Levine, Norman 1923-2005
LEVINE, Norman 1923-2005
(Norman Albert Levine)
OBITUARY NOTICE—See index for CA sketch: Born October 22, 1923, in Rakow, Poland; died of a heart attack June 14, 2005, in Darlington, England. Writer. Levine was a novelist and short-story writer whose personal feelings of alienation were often manifested his fiction. Born in Poland of a Jewish family, he spent his childhood in Ottawa, Canada, where his father worked as a fruit seller. With the onset of World War II, he enlisted in the Royal Canadian Air Force and was stationed in Yorkshire, England. It was while here that he became enamored with the English people and came to consider them culturally superior to the Canadians. Finishing his B.A. at McGill University in 1948, and completing a master's degree the next year, Levine found his fascination with England and its literature reinforced by a year spent at King's College, Cambridge, on a fellowship. By this time, Levine had already been publishing poetry, his first two collections being Myssium (1948) and The Tightrope Walker (1950).

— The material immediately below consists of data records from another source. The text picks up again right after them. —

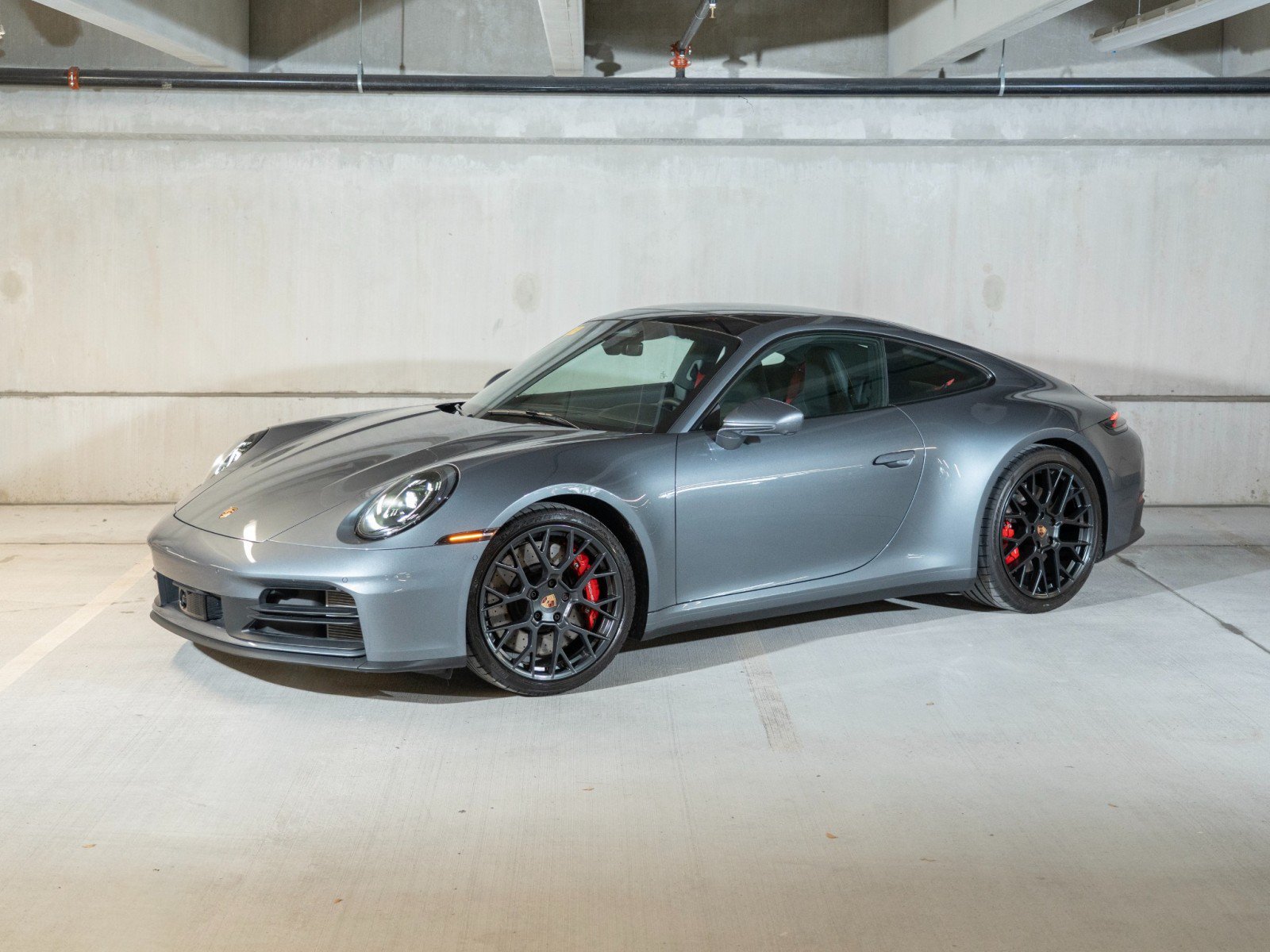 Certified 2026 Porsche 911 Carrera S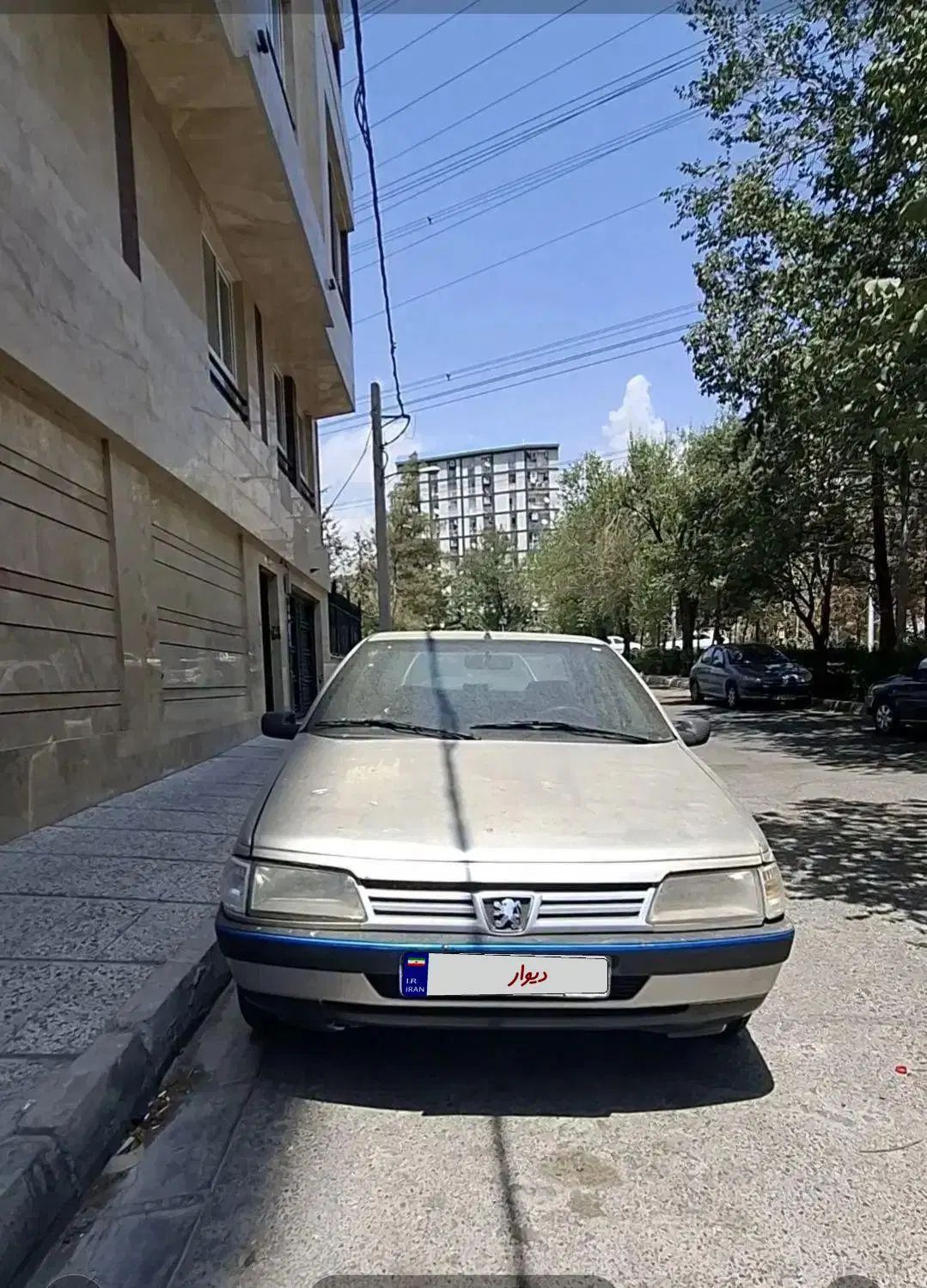 پژو روآ (ROA) سال دوگانه سوز، مدل ۱۳۸۹|خودرو سواری و وانت|تهران, پونک|دیوار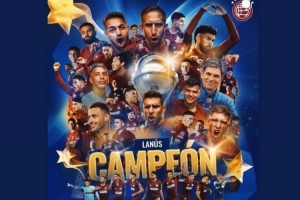 拉努斯问鼎南美杯，迪马利亚社媒祝贺：阿根廷球队赢得冠军太棒了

His next work, The Angled Road (1952), was a novel, but it was his travel book Canada Made Me (1958) that caused Canadian audiences to disapprove of Levine's work. The book was fairly critical of the country, and the result was that for many years thereafter Levine could not get his books published there. He became very popular in England and Europe, however, and was especially appreciated for his short stories, collected in such books as One Way Ticket (1961), I Don't Want to Know Anyone Too Well (1971), and Why Do You Live So Far Away? (1984). As a Jewish immigrant who later became an expatriate author, Levine often felt himself to be an outsider, and the theme of alienation found its way into much of his fiction. Levine earned popularity through his writing, however, and with the exception of a year as head of the English department at Barnstaple Boys Grammar School in Devon from 1953 to 1954, and a year as resident writer at the University of New Brunswick from 1965 to 1966, he made his living through his writings. Later in his career, he regained the acceptance of Canadian audiences and publishers, and even received two Canada Council arts awards. In 2002, he was presented with the Writers' Trust of Canada Matt Cohen Award for his lifetime contributions to literature. Among his more recent books are Something Happened Here (1991) and By Frozen River (2000).
OBITUARIES AND OTHER SOURCES:
PERIODICALS
Guardian (London, England), July 1, 2005, p. 29.
Independent (London, England), June 20, 2005, p. 34.
Times (London, England), July 16, 2005, p. 70.